Which brings me back to the race here in Iowa. For most of the political season, the GOP race has shift dramatically here in Iowa which a new front runner taking over seemingly every few weeks or so. However that has all changed in the last few weeks. With Ron Paul's rise to the top of several polls here in Iowa a week ago, a sort of balancing force started. The result? The most up to date polls out today are showing a nearly statistical dead-heat between not two, but three different candidates! Of those, two are very family faces in Romney and Paul but a new challenger has now risen to the "big top": Rick Santorum. (1)
Now as my readers might remember, I've never been a fan of Mr. Santorum. I don't generally agree with him on ANY issue (which is fine), but the chief reason I dislike him is his outright bigoted statements he has made in the past towards the gay/lesbian community and a certain level of hypocrisy that goes with his positions on that subject and his claimed hatred of "big government". This is actually my problem with most Social Conservatives. Many preach against so-called "big government" as being too intrusive in their lives but yet they have no problem with largely morally-bankrupt politicians legislating morality from D.C.. Any one see the contradiction? Whether it's the federal government taking a bigger role in health care in this country or telling us what to do in matters of social issues, there is no different. They are two sides of the same "Big Government" coin and they should be treated as such.
And apparently I am not the only one who has picked up on this contradiction by folks like Rick Santorum. Erick Erickson of Redstate.com has also pointed out that the fundamental differences between such folks and liberals who want to use the Federal government to dictate on other issues is quite minimal. As Mr. Erickson puts it:
"That’s Rick Santorum. He sees government as the means to conservative ends. But in using government to get conservative ends he has expanded government and set precedents for liberals to use government in the same ways for more liberal government. Rick Santorum was complicit in making Americans more dependent on government and justified it under the rubric of compassion." (2)

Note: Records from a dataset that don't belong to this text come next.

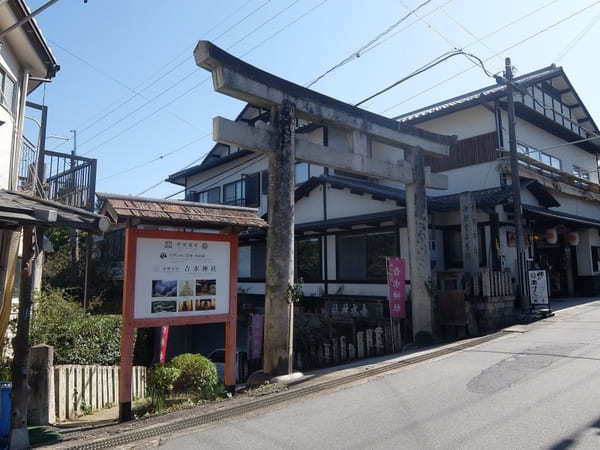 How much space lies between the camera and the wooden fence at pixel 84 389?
278 inches

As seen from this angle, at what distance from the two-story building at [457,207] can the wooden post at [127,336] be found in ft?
27.9

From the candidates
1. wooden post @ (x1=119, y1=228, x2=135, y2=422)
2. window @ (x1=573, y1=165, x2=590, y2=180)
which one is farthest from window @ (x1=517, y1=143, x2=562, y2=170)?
wooden post @ (x1=119, y1=228, x2=135, y2=422)

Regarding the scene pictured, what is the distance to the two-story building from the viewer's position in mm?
15195

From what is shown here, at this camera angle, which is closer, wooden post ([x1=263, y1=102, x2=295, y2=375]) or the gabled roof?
wooden post ([x1=263, y1=102, x2=295, y2=375])

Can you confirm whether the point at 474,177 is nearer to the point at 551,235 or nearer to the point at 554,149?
the point at 551,235

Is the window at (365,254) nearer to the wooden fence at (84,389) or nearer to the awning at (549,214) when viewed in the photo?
the awning at (549,214)

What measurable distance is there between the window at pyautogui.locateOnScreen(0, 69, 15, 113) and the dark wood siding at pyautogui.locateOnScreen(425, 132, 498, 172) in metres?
14.4

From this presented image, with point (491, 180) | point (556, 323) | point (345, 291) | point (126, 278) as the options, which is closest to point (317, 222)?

So while the "mad rush" is now moving towards Mr. Santorum as the Tuesday Caucus nears, one does have to wonder..How is Santorum any better than the rest and how legitimate is his claimed stance as being against "big government" when he preaches almost exclusively on social issues the federal government has little business dictating in the first place? I suggest all Iowans take a VERY good look at Mr. Santorum before Tuesday and make sure they know the kind of politician they are voting for.
My kudos to Mr. Erickson in his recent posts covering the upcoming Caucus as well as his reports on the genuineness of Rick Santorum.
The views and opinions expressed in the above piece are solely those of the author and not that of the Modern Whig Party or any other political organization.